Para alguns fãs e críticos, o Radiohead bem poderia ter ficado congelado em cápsulas criogênicas, cristalizado na angústia fin du millénium que tão bem soube expressar em álbuns como “The bends” (1995) e “OK computer” (1997). Mas o tempo passou, o grupo inglês avançou em direção à descontrução, e meio que se perdeu em experimentalismos autoindulgentes. Esta edição comemorativa com o acréscimo de três canções – canções mesmo – inéditas (“Lift”, “I promise” e “Man of war”) e oito lados B lançados na época (quando os singles saíam com dois lados, ainda que, em sentido figurado, no caso dos CDs) realiza a fantasia dessa parcela da torcida e também de muitos que enxergaram e ouviram em “OK computer” aquele negócio nebuloso e duvidoso chamado “o futuro do rock”.
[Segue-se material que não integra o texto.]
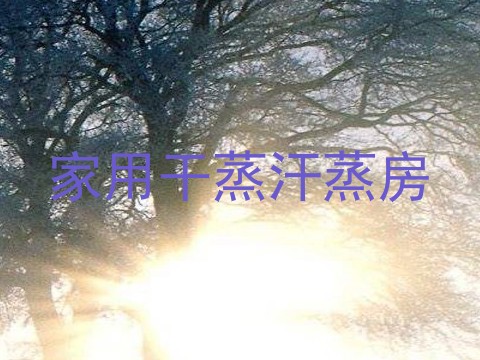 家用干蒸汗蒸房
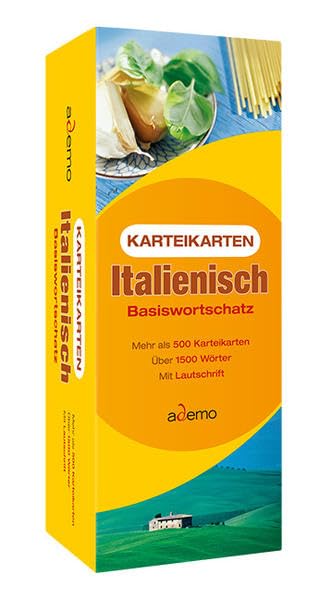 Karteikarten Italienisch Basiswortschatz book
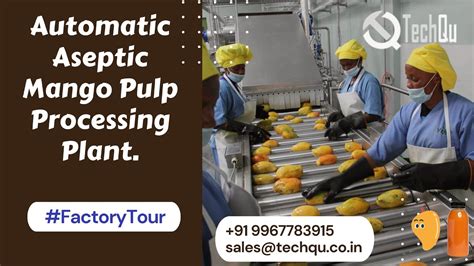 Mango Pulp Process 的图像结果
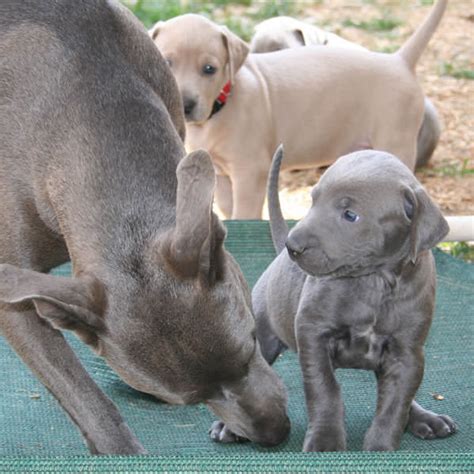 Blue Lacy My Dog Breeders Part 50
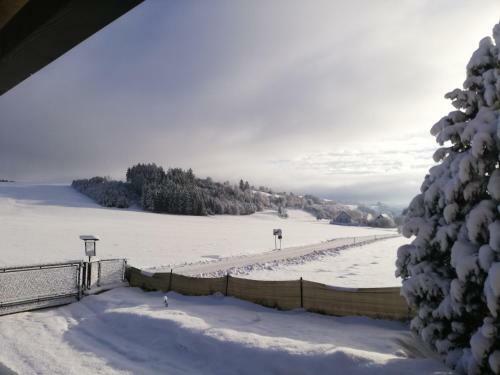 Apartamento Haus Petra
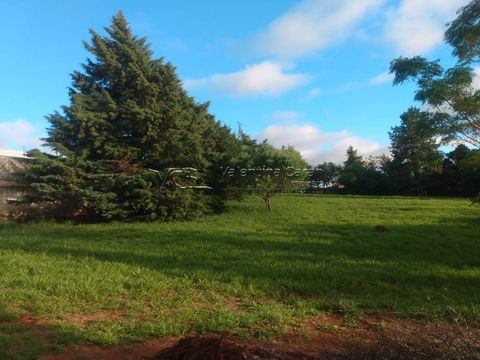 Foto Terreno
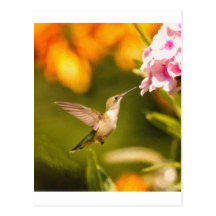 Combat de colibri carte postale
Aos 49 anos, Thom Yorke, líder do Radiohead, entrou na história do gênero como uma espécie de homem que não quis ser rei, abdicando do direito de herdar do suicida Kurt Cobain (1967-1994) o trono maldito. Tal rejeição ajuda a entender porque sua banda preferiu deixar uma música tão poderosa como “Lift” de fora dos lançamentos do grupo, mesmo em discos de seca criativa como “King of limbs” (2011). A letra fala sobre estar preso no elevador, com um aceno autoirônico ao Major Tom de David Bowie: “Estamos tentando falar com você, Thom”. Sua exclusão de “OK computer” só pode ser explicada por possível redundância com o clima de outras canções que se tornaram clássicos do Radiohead, como “No surprises”.

“I promise”, com delicadeza ao violão e ao mellotron, dá perfeita continuidade às “depressongs” do grupo, repletas de imagens claustrofóbicas, que contrastavam com a euforia britpop do Reino Unido de Tony Blair e da ilusória pax americana da era Clinton. Pode ser interpretada como uma canção de amor, mas suas juras de regeneração em falsete não enganam ninguém: “Eu não vou mais fugir, eu prometo/ Mesmo quando eu ficar entediado, eu prometo/ Mesmo quando o barco quebrar, eu prometo/ Me amarre ao convés apodrecido, eu prometo”. As metáforas náuticas (alô, Jorge Aragão!) também estão em “Man of war” (“man’o’war” era um navio de guerra inglês), com arranjo de cordas e aqueles acordes tristes de piano a serviço de uma canção estupendamente construída. Sem redenção nenhuma: “Sim, os vermes virão pra você”, avisa a letra.

O resto é mar, lados B de notória fama entre os fãs (“Palo Alto”, “Lull”, “Pearly”) e um álbum velho conhecido de beleza desoladora que há vinte anos parecia avisar aos otários do triunfalismo “fim da história”: se segura, que daí pra frente, lixo ocidental, pode ser ladeira abaixo.